Questa dovrebbe prevedere, a nostro parere, anche uno studio dell’assetto psichico del richiedente (in quanto già “tratti di personalità” narcisistici, ossessivo-compulsivi, ancorché non tali da sfociare nel vero e proprio “disturbo di personalità”), che possono essere spunti di attivazione del contenzioso nei confronti dell’Odontoiatra. Pertanto è fondamentale che il professionista che si confronterà con questa nuova sfida concessa dalla novella normativa, abbia presente la necessità di documentare bene lo stato anteriore, di prospettare il possibile risultato sia in termini visivi, sia di percentuali di successo, ma anche di analizzare (ed eventualmente far certificare) preventivamente la struttura psichica del richiedente. Quest’ultimo punto è poi fondamentale per giustificare l’indicazione all’intervento, se realmente orientato a gestire un disagio psico-fisico, come da classiche indicazioni della OMS.

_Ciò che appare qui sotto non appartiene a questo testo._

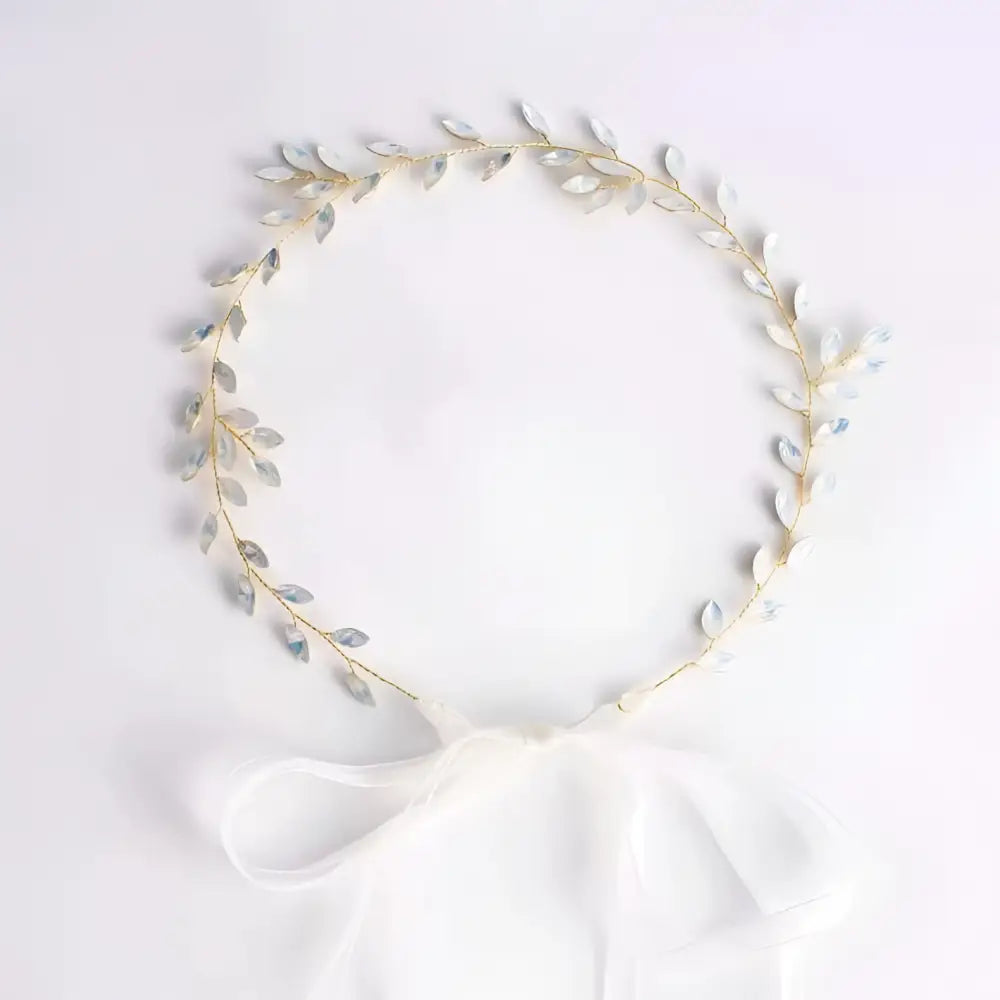 Delicate gold-toned silver leaf protein rhinestone headdress with shimmering silver leaves and white satin bow hair band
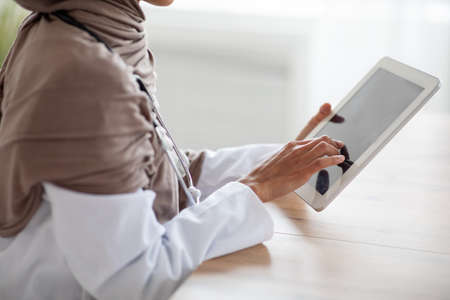 Cropped of female doctor in hijab using gadgets at workplace, holding digital tablet. Unrecognizable therapist muslim woman having online conversation with her patients, using pad, side viewの写真素材
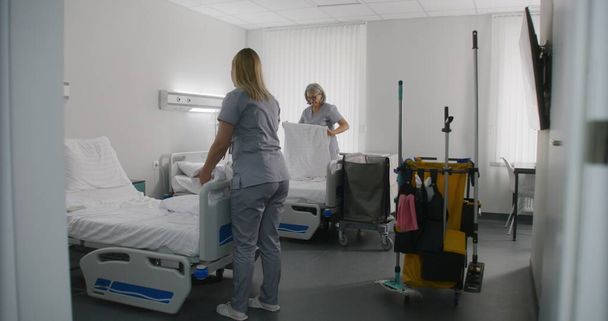 Adult cleaner mops floor with broom in hospital room. Mature health worker changes bedclothes after patients. Nurses clean hospital ward and talk. Medical staff at work in modern medical center. - Photo, Image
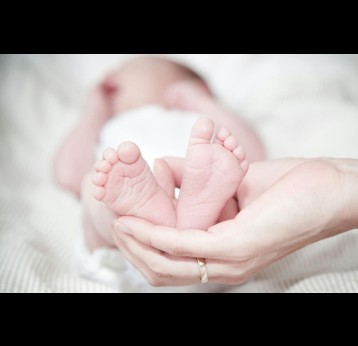 Newborns with high antibody levels at birth also had greater protection against COVID-19 infection during their first six months. Credit: Rene Asmussen on Pexels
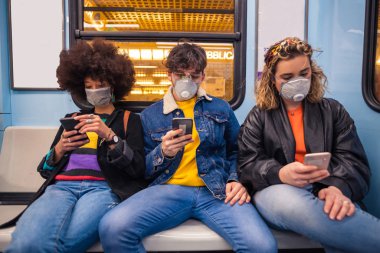 Three multiethnic friends wearing medical mask protecting from pollution and virus in the subway using smartphone - anti-smog, infection, protester concept clipart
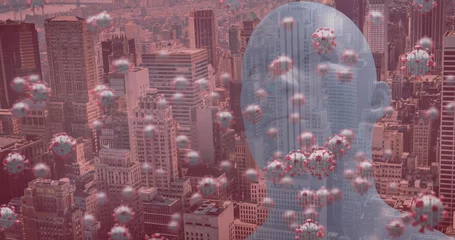 Selbstklebende Fototapeten Image of covid 19 cells floating over human head and cityscape on red background © vectorfusionart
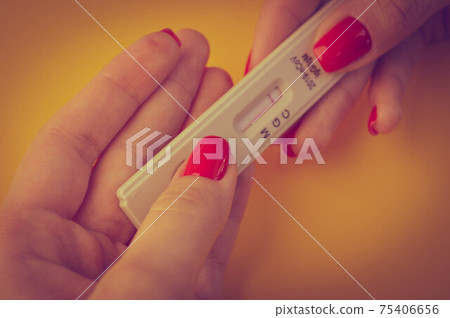 test for coronavirus on an orange background. medical analysis. a girl with a bright red manicure holds a coronavirus antibody test on her fingers 75406656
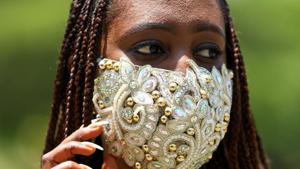 Nigerian fashion stylist Sefiya Diejomoah, 35, poses for a picture with a blinged-out face mask matching with her clothes, following the spread of the coronavirus disease (COVID-19) in Lagos, Nigeria May 14, 2020. Picture taken May 14, 2020. REUTERS/Temilade Adelaja(REUTERS) Nigerian fashion stylist Sefiya Diejomoah, 35, poses for a picture with a blinged-out face mask matching with her clothes, following the spread of the coronavirus disease (COVID-19) in Lagos, Nigeria May 14, 2020. Picture taken May 14, 2020. REUTERS/Temilade Adelaja(REUTERS)
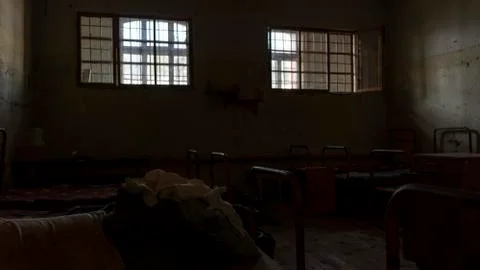 Light Coming in Through Prison Cell Bars Window. Jail Cells. Prison Interior. 库存照片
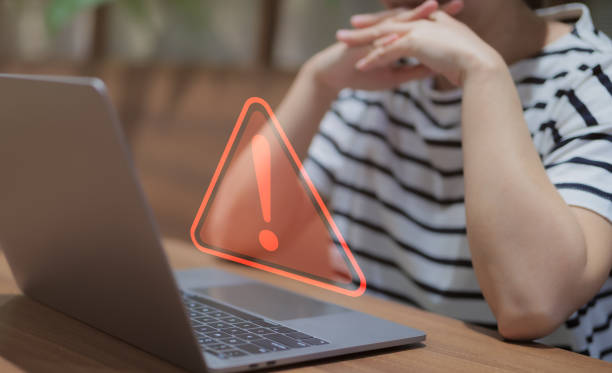 istock Warning alert system concept, system hacked on computer network, cybercrime and virus, Malicious software, compromised information, illegal connection, data breach cybersecurity vulnerability, 1461059269
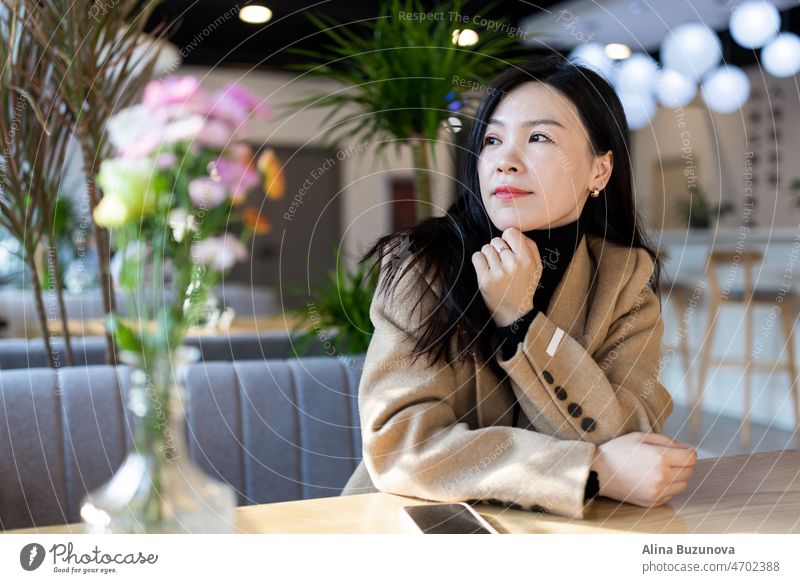 Traurige müde asiatische Frau einsam in einem Café während der Quarantäne zur Selbstisolierung für COVID-19 Coronavirus soziale Distanzierung Prävention. Psychische Gesundheit, Angst deprimiert Denken Dame.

Una procedura preliminare così articolata, nel caso di contestazione dell’esito del trattamento, facilita la valutazione del danno, poiché consente di avere delle solide basi oggettive dello stato anteriore, compreso il grado di insoddisfazione originale (con ricaduta sull’eventuale stima del successivo grado di sofferenza) del richiedente. Quest’ultima, non diversamente dalla stima degli esiti anatomo-funzionali di danno, che sarà per l’appunto “differenziale” rispetto allo stato anteriore, andrà calibrata, in termini di confronto con il reale – ove preventivamente accertato – grado di disagio/sofferenza del paziente.